[Image-text web data]
Start of Block
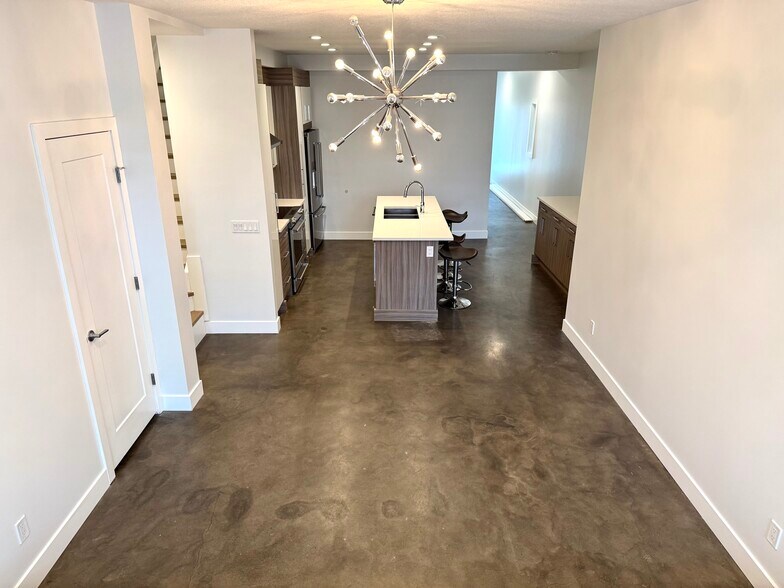 More Photos Of 613 3rd Ave NE, Calgary Apartments For Sale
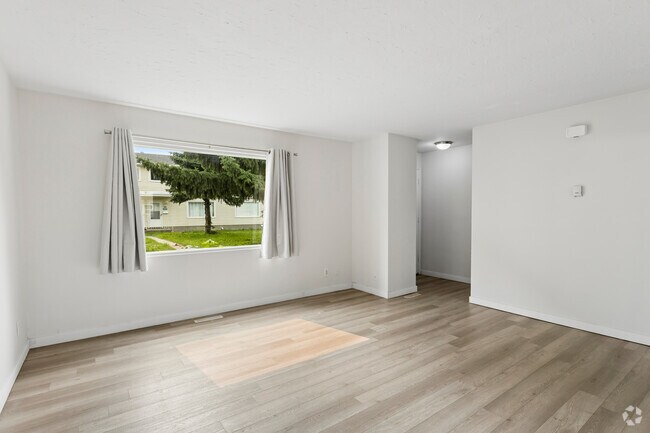2BR, 1BA - 850SF - Living Room - Wedgewood Townhomes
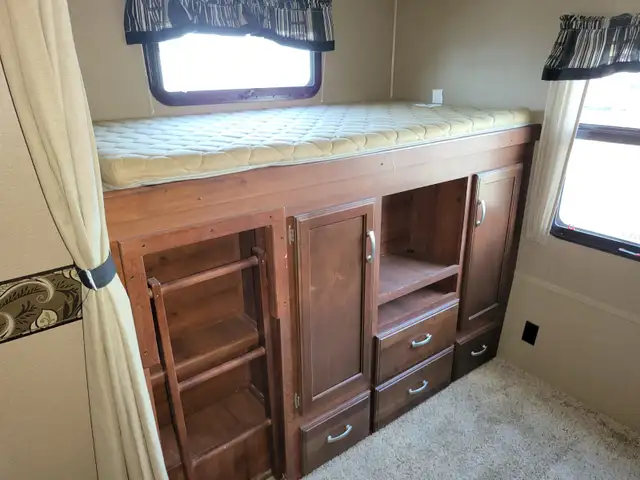 2014 Keystone OUTBACK 312 BH in Travel Trailers & Campers in St. Albert - Image 37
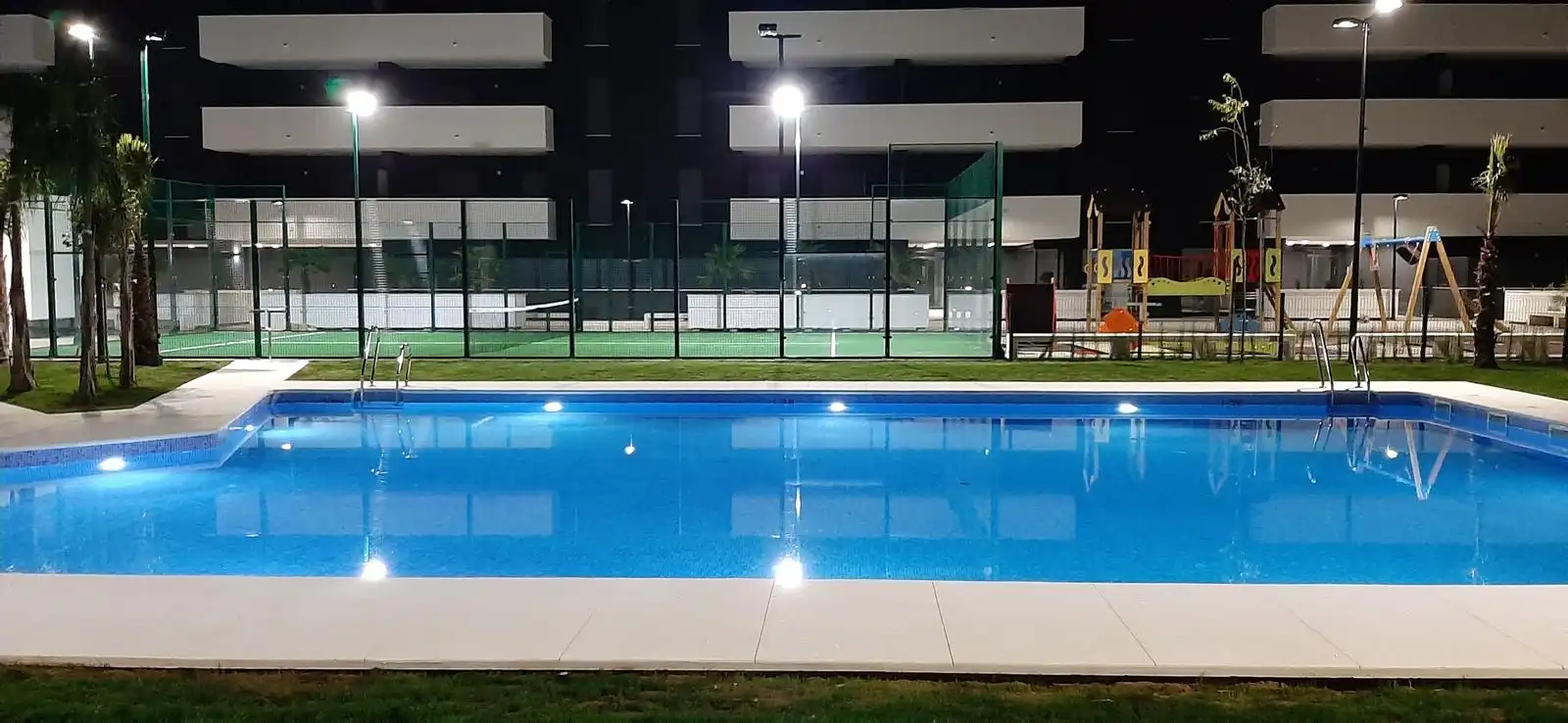 Schwimmbecken von Wohnung zur Miete in La Rinconada mit Klimaanlage, Heizung und Terrasse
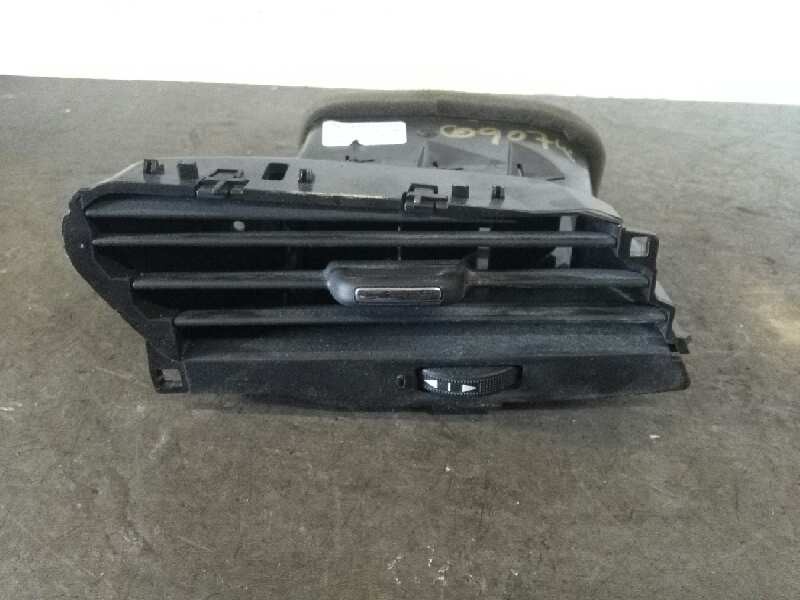 Recambio de aireador para opel corsa e edition referencia OEM IAM DERECHO  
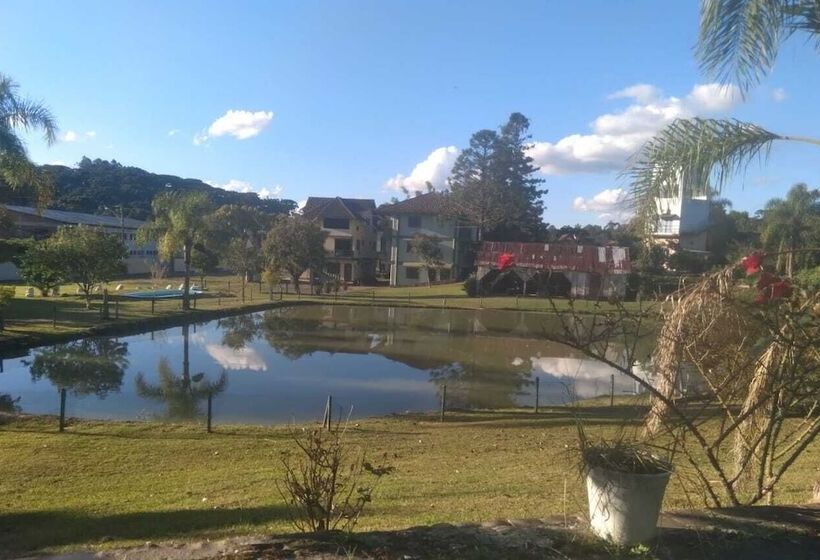 Отель Imperial Parque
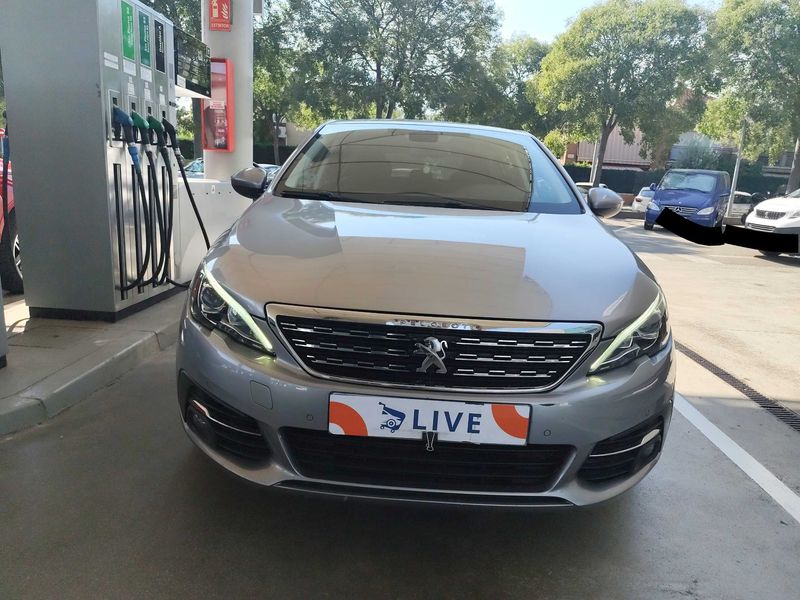 Peugeot 308 1.5 Blue-HDi Allure 2019 – снимка 7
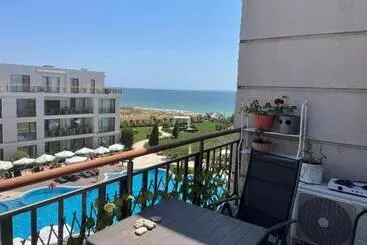 Apartment Diamond Sarafovo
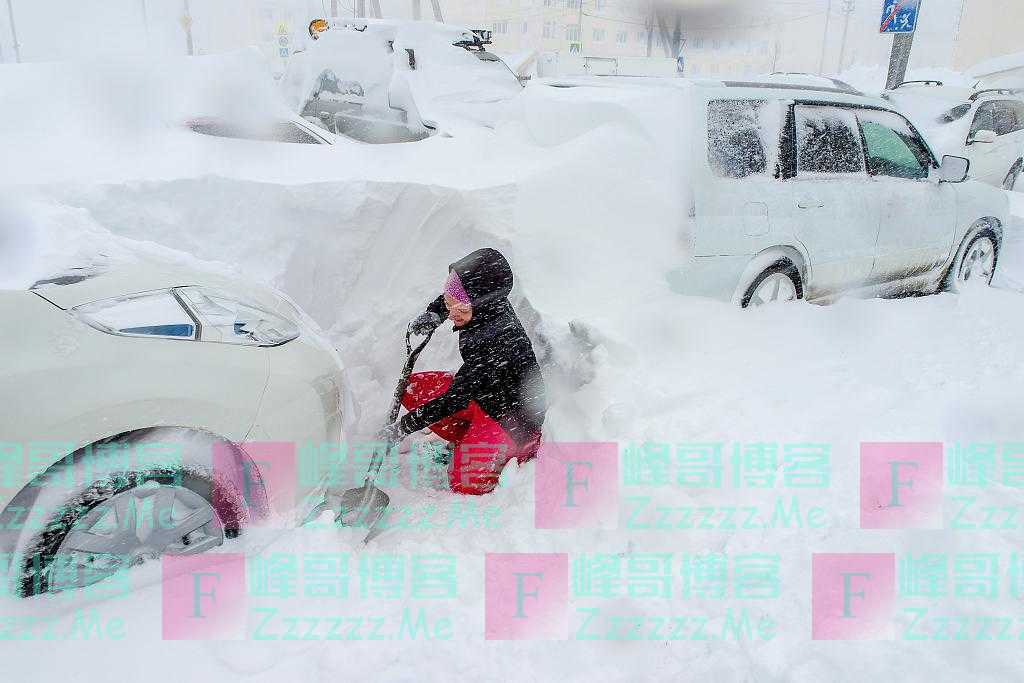 俄罗斯萨哈林岛迎来暴风雪天气 民众刨雪找车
End of Block
WHAT TO DO »
Exclude every picture, then reproduce the remaining data character for character.

RESPONSE BELOW »
 More Photos Of 613 3rd Ave NE, Calgary Apartments For Sale
2BR, 1BA - 850SF - Living Room - Wedgewood Townhomes
 2014 Keystone OUTBACK 312 BH in Travel Trailers & Campers in St. Albert - Image 37
 Schwimmbecken von Wohnung zur Miete in La Rinconada mit Klimaanlage, Heizung und Terrasse
 Recambio de aireador para opel corsa e edition referencia OEM IAM DERECHO  
 Отель Imperial Parque
 Peugeot 308 1.5 Blue-HDi Allure 2019 – снимка 7
 Apartment Diamond Sarafovo
 俄罗斯萨哈林岛迎来暴风雪天气 民众刨雪找车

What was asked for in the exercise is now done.